Llueve, agua repetitiva de vida atraída de gravedad, y en el horizonte humano de habitabilidad de gentes, nos refrescamos los rostros mientras las manos nos estiran y disipan esas gotas que sólo persiguen saber que estamos vivos ante tanta muerte todo el tiempo. Desde que nacimos la muerte nos roció con su impaciencia y nos dejó su huella inolvidable solamente atenuada por el bebé que llevamos dentro.
Prefacio. Los prefacios de la vida que nos tocó y no elegimos el día en que la luz quemaría nuestras venas y entonces no supimos pero a alguien se le ocurrió porque lo pensó y lo pensó y concluyó en que esa luz inesperada vista por primera vez nos indicaría más tarde que simplemente nacimos solos… y también moriríamos solos… como lo inexpugnable, lo infranqueable, inviolable y hermético de un ente exclusivo de unicidad e indivisibilidad de pensamientos y sensaciones.

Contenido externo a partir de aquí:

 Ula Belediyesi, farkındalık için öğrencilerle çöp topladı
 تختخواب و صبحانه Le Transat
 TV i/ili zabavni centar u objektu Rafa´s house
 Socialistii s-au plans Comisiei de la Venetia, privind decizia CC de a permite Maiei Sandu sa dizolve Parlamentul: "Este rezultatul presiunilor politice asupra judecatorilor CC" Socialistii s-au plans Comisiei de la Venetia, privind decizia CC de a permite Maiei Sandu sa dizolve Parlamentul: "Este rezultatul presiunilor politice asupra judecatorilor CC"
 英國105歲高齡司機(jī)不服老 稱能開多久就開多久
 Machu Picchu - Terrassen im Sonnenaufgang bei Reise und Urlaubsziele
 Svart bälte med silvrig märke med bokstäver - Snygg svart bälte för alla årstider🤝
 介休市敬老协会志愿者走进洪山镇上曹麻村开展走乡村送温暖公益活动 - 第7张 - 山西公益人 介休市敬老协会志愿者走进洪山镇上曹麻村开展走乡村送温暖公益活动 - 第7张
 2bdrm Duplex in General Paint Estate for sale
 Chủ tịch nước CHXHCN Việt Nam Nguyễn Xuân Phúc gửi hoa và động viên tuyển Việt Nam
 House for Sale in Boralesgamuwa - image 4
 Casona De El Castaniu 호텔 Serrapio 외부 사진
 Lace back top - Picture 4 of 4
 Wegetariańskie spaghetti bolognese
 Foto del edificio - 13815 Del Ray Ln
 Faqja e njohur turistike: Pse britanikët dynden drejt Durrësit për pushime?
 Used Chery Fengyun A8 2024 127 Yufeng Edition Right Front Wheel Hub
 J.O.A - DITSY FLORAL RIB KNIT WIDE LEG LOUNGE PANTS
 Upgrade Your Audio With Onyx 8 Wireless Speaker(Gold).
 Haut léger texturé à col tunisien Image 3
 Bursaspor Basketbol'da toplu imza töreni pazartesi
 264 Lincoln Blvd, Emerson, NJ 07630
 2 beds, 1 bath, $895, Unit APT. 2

Dentro de esos tres milímetros de espesor de hueso craneano estamos totalmente solos y solos viviremos y nos iremos así como vinimos con la salvedad o atenuante de la emoción del saberlo que a alguien o varios alguien le importaremos sobremanera. Y así sobrevivimos y reímos y… todo lo demás que el conjunto de carnes y huesos sabemos hasta el hartazgo.
«No paniqueen» -alguien dijo por ahí- el saber que Se Es así y que Es así, un punto al final de esa frase que somos o esa palabra que nos nombró cuando menos lo esperábamos, porque ni siquiera una neurona había echado raíces en ese humus que nos estaba viendo germinar.